____ DATA

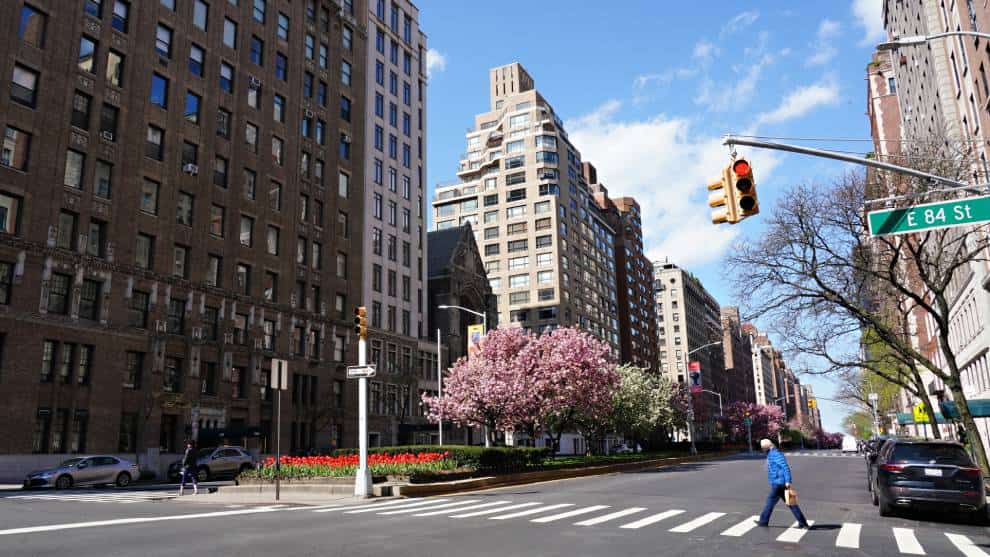 Extienden medidas de aislamiento en Nueva York por coronavirus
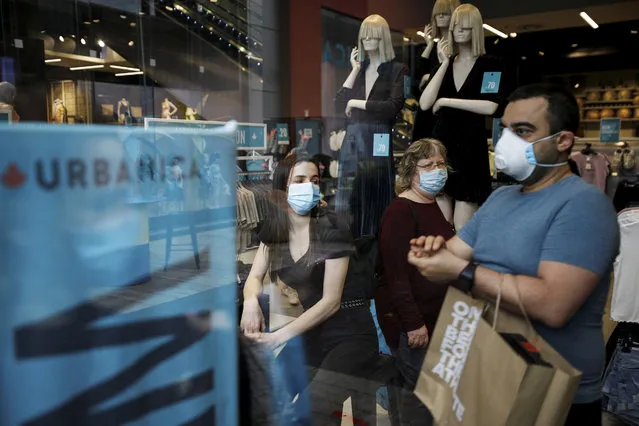 Shoppers wear face masks and walk around a fashion shopping center in Ashdod, as restrictions over the coronavirus disease (COVID-19) ease around Israel, May 5, 2020. (Photo by Amir Cohen/Reuters)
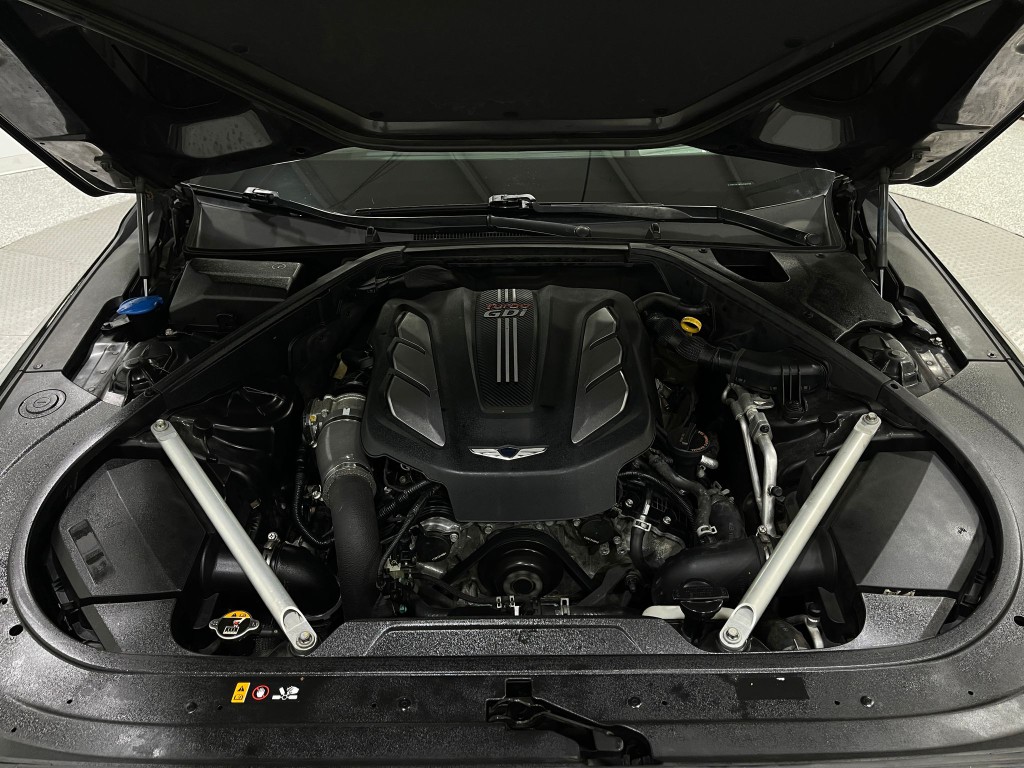 2018 Genesis G90 Image 28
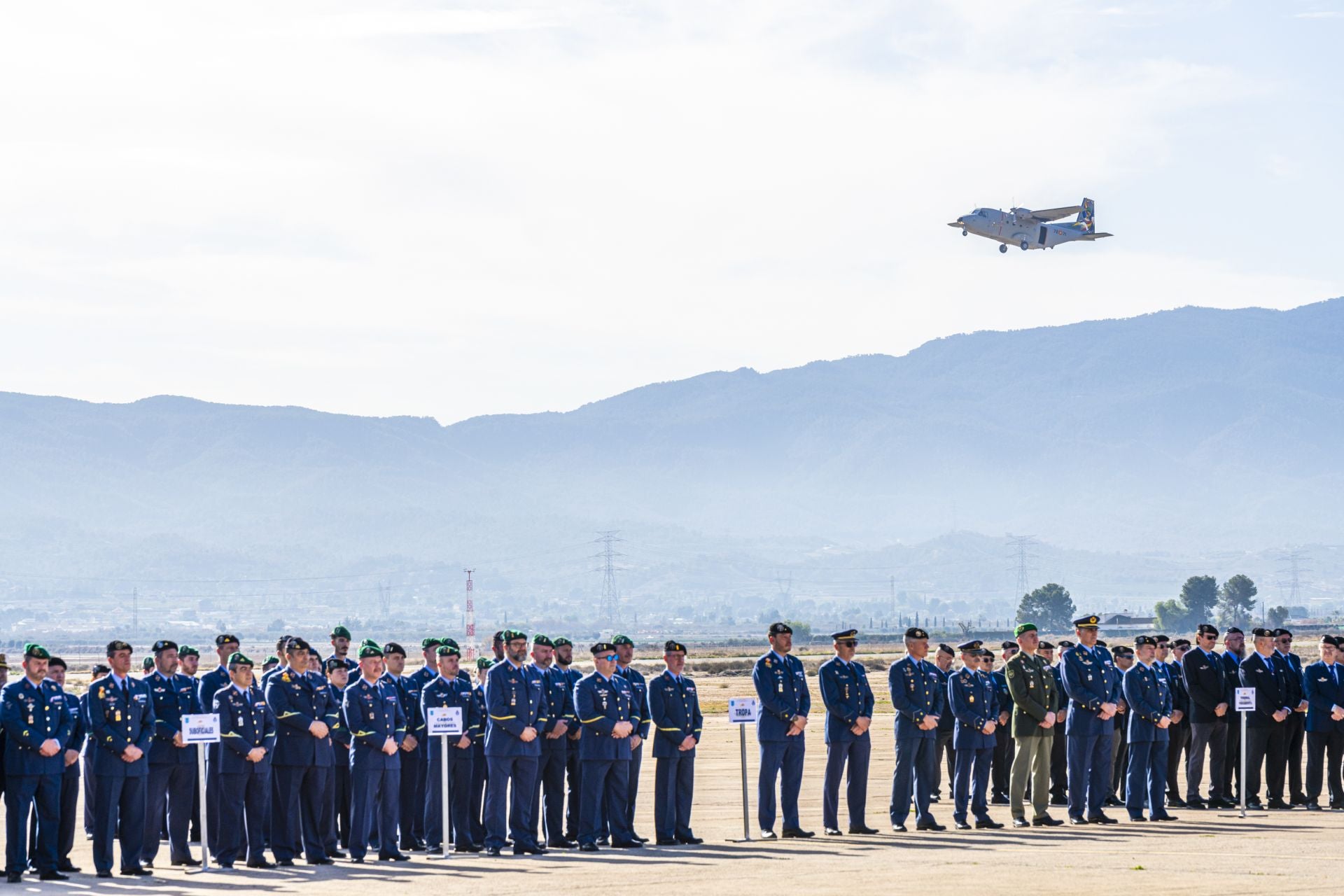 Las imágenes del aniversario de la Escuela Militar de Paracaidismo Méndez Parada de Alcantarilla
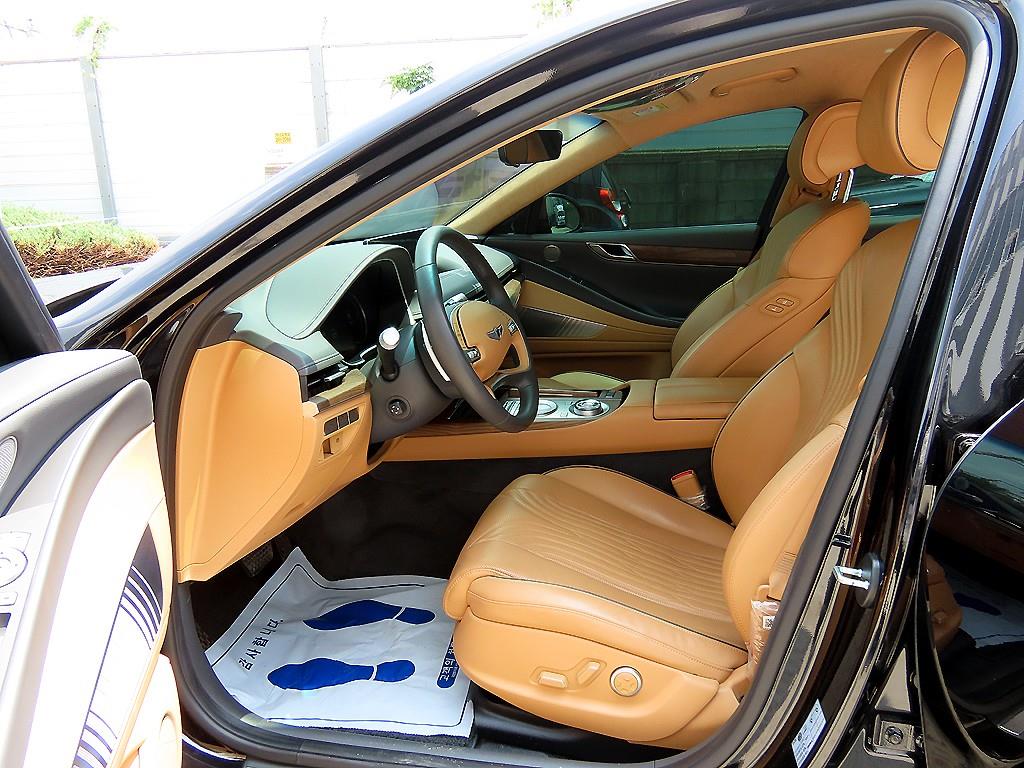Genesis G80 - Vista 5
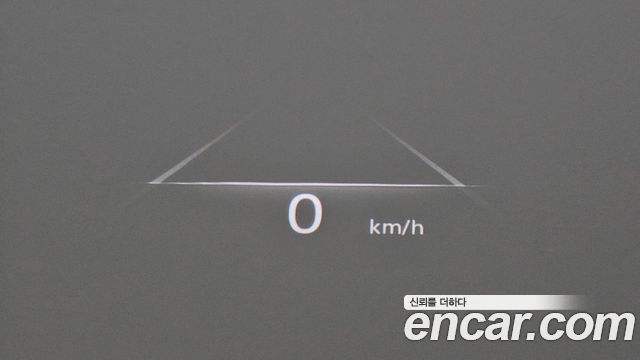 Genesis GV70 2023 — photo 31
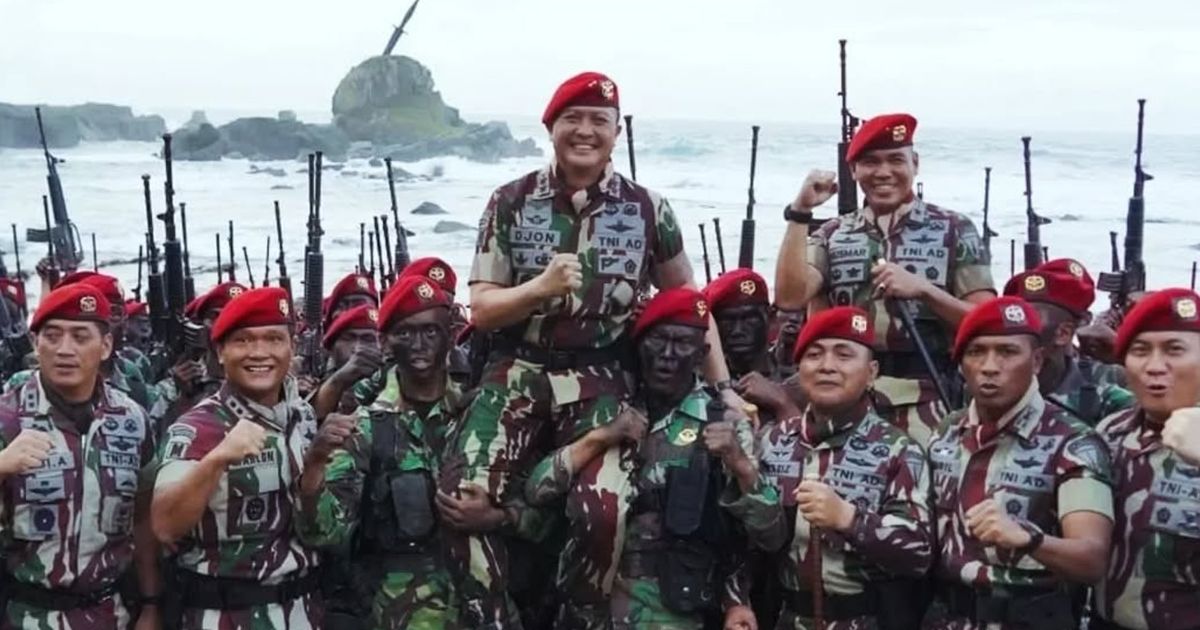 Minta Maaf, Ini Penjelasan Lengkap Danjen Kopasus Viral Prajurit Foto Bareng Hercules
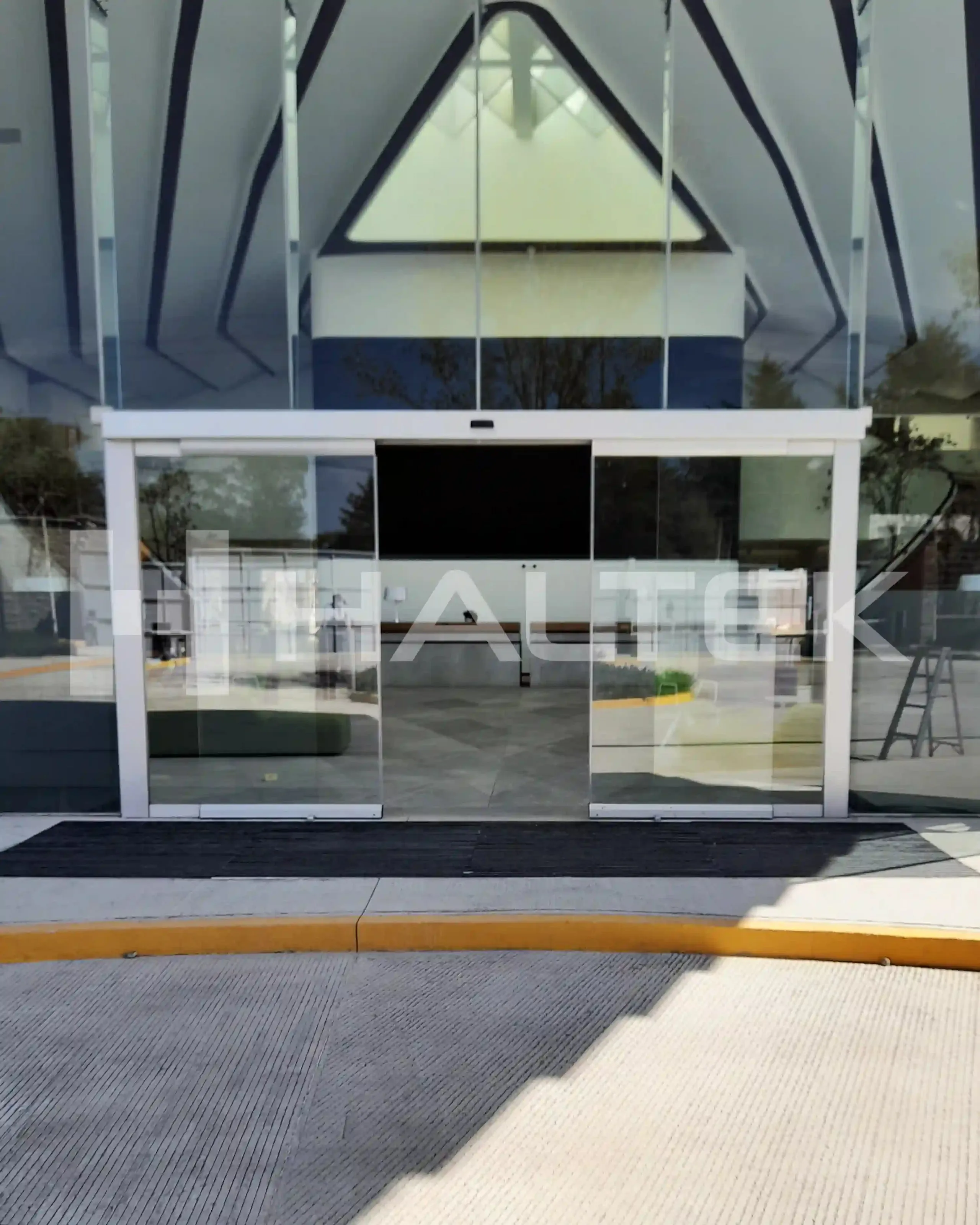 Vista frontal del proyecto Genomma Lab.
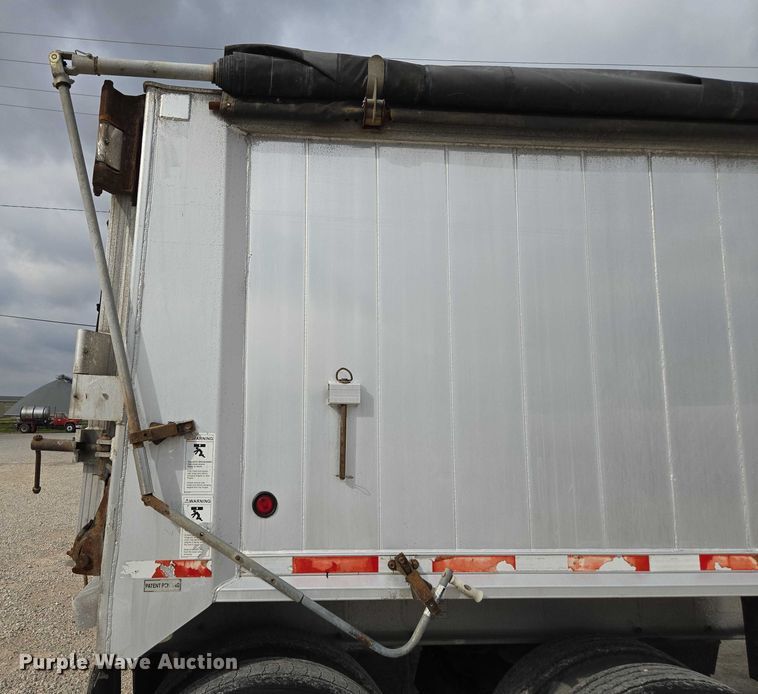 image for item EV4382 2007 East Genesis end dump trailer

________

▶ PROBLEM: Every record above must be copied exactly, and no picture may appear in the copy.

▶ YOUR RESPONSE:
 Extienden medidas de aislamiento en Nueva York por coronavirus
 Shoppers wear face masks and walk around a fashion shopping center in Ashdod, as restrictions over the coronavirus disease (COVID-19) ease around Israel, May 5, 2020. (Photo by Amir Cohen/Reuters)
 2018 Genesis G90 Image 28
 Las imágenes del aniversario de la Escuela Militar de Paracaidismo Méndez Parada de Alcantarilla
Genesis G80 - Vista 5
 Genesis GV70 2023 — photo 31
 Minta Maaf, Ini Penjelasan Lengkap Danjen Kopasus Viral Prajurit Foto Bareng Hercules
 Vista frontal del proyecto Genomma Lab.
 image for item EV4382 2007 East Genesis end dump trailer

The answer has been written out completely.